» Problem: Copy every entry exactly as it reads and exclude whatever pictures appear.
────
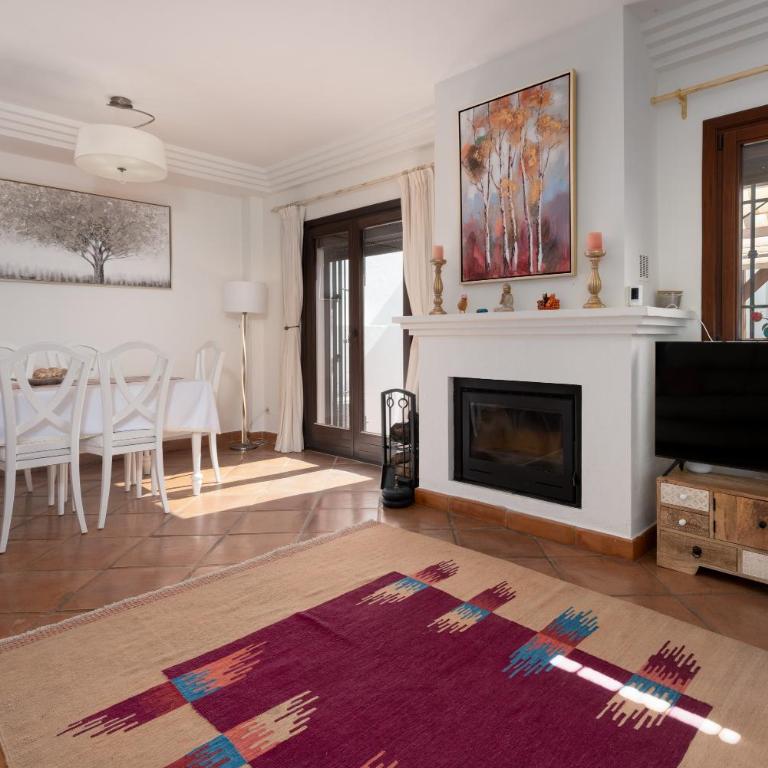 Stylish 3 bed house 2 bathrooms, with patio, roof terrace and communal pool 5 minutes away from the beautiful Spanish white village of Casares Pueblo and only 20 mins from the sea - Villa de 3 dormitorios - 5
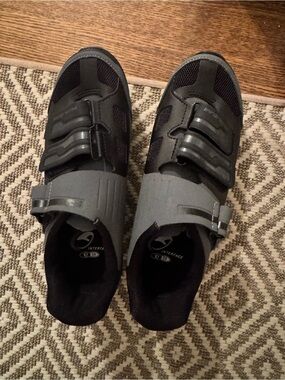 Pearl iZumi All-Road v4 (or Interface) cycling shoes in black and grey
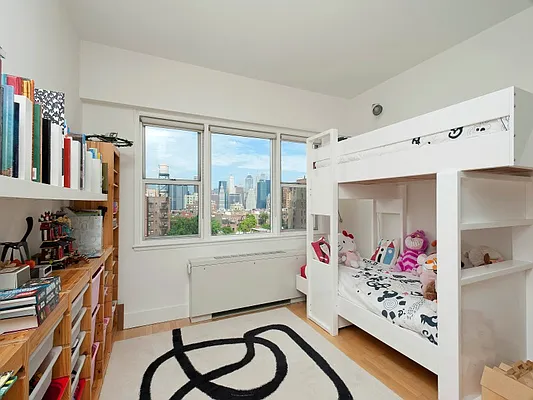 Sold by Sotheby's International Realty | media 18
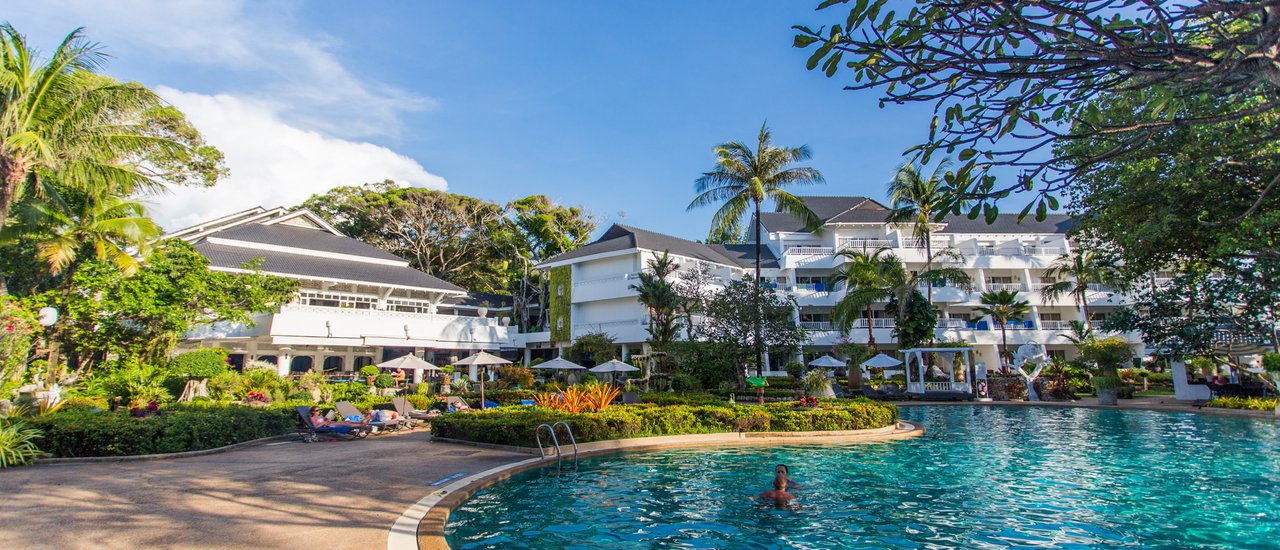 cover 😘 พาไปเที่ยวหน่อย ในฐานะอะไรก็ได้ 🌊 Ver. Thavorn Palm Beach Resort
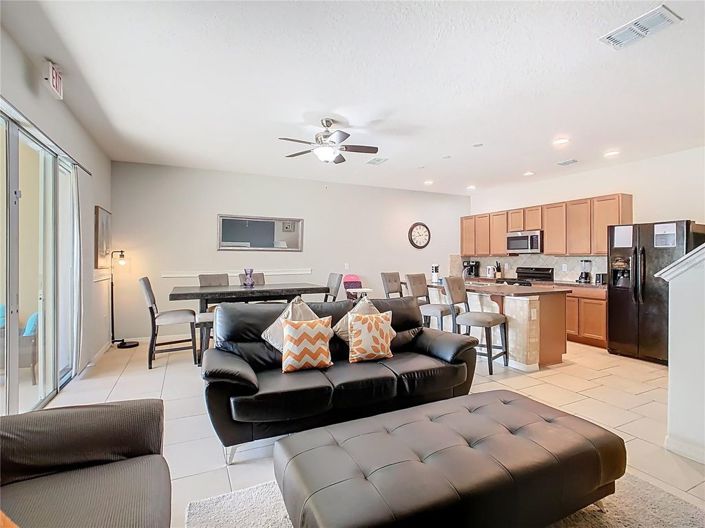 Image No.28-4 Bed Townhouse for sale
────
» Output for this task:
 Stylish 3 bed house 2 bathrooms, with patio, roof terrace and communal pool 5 minutes away from the beautiful Spanish white village of Casares Pueblo and only 20 mins from the sea - Villa de 3 dormitorios - 5
 Pearl iZumi All-Road v4 (or Interface) cycling shoes in black and grey
 Sold by Sotheby's International Realty | media 18
 cover 😘 พาไปเที่ยวหน่อย ในฐานะอะไรก็ได้ 🌊 Ver. Thavorn Palm Beach Resort
 Image No.28-4 Bed Townhouse for sale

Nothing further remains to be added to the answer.